Adrian menyatakan bahwa kamar dagang asing percaya bahwa sertifikasi halal merupakan ketentuan penting yang dilaksanakan oleh pemerintah Indonesia untuk memberikan kenyamanan, keamanan, keselamatan, serta kepastian bagi konsumen Indonesia, dan untuk menambah nilai lebih untuk barang yang diproduksi dan dijual di Indonesia. Namun, ruang lingkup yang luas dan kompleksitas hukum halal menjadi perhatian khusus bagi para stakeholder, asosiasi sektoral dan kamar dagang internasional.

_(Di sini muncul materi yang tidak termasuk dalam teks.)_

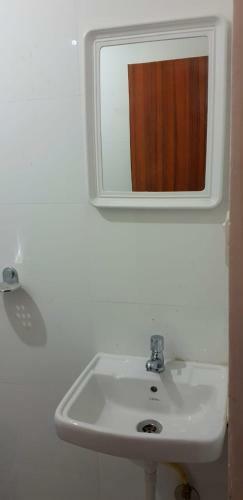 Tranquil Serviced Apartments - Hsr Layout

Melalui Kamar Dagang Indonesia & Industri (KADIN), asosiasi sektoral dan kamar dagang asing telah menyampaikan masukan dan perhatian mereka tentang ini.

 

Sesuai dengan azas Pancasila dan UUD 1945, Pemerintah Indonesia berkewajiban untuk memberikan jaminan kemerdekaan penduduk untuk memeluk agama dan kepercayannya, termasuk di dalam jaminan akan produk halal yang dikonsumsi dan digunakan masyarakat muslim. Kamar dagang internasional menyetujui dan mendukung azas tersebut. Namun, kamar dagang asing merasa ada persyaratan tertentu dalam hukum halal yang perlu dievaluasi kembali karena dikhawatirkan dapat menghambat bisnis, perdagangan, dan investasi di Indonesia. Lebih penting lagi, ada kemungkinan hukum halal tersebut dapat menghalangi konsumen Indonesia dan pasien mengakses obat-obatan yang berkualitas baik dan aman.

 

Sejauh ini, kamar dagang asing mengakui dan mendukung pelaksanaan sertifikasi halal secara  sukarela yang dilakukan oleh LPPOM-MUI serta peraturan BPOM no.HK.03.123.06.10.5166 dari 2010 yang sudah mensyaratkan bahwa bahan-bahan yang berasal dari babi, atau telah memiliki kontak dengan bahan-bahan yang berasal dari babi, harus diberi label yang jelas. Namun, pelaksanaan hukum halal dikhawatirkan memiliki beberapa konsekuensi yang tidak diharapkan. Kamar dagang internasional telah membuat kajian tentang kemungkinan konsekuensi yang dapat terjadi, antara lain menciptakan biaya tambahan bagi konsumen, berpotensi mempengaruhi kesehatan masyarakat, mengurangi efisiensi, dan menghambat bisnis.

 

Bambang Prasetya mengemukakan bahwa BSN sedang mengadopsi dan membuat skema halal agar Indonesia memiliki “national differences”, saling menghormati standar masing-masing negara.  Sebagai lembaga yang bertanggung jawab di bidang standardisasi dan penilaian kesesuaian, BSN pun turut diminta ikut andil dalam merumuskan PP tentang Jaminan Produk Halal.

 

Sejalan dengan tugas BSN tersebut, melalui Audiensi ini, kamar dagang asing turut menyampaikan harapannya kepada BSN untuk menyuarakan ke pihak terkait, agar mereka ikut dilibatkan dalam penyusunan PP tentang Jaminan Produk Halal.

 

 

Di penghujung audiensi, Bambang mengapresiasi kajian-kajian yang telah dilakukan oleh kamar dagang internasional, dan menyarankan agar kamar dagang asing terus melakukan kajian secara berkelanjutan. sehingga dapat menjadi masukan dalam merumuskan PP tentang Jaminan Produk Halal. (ald)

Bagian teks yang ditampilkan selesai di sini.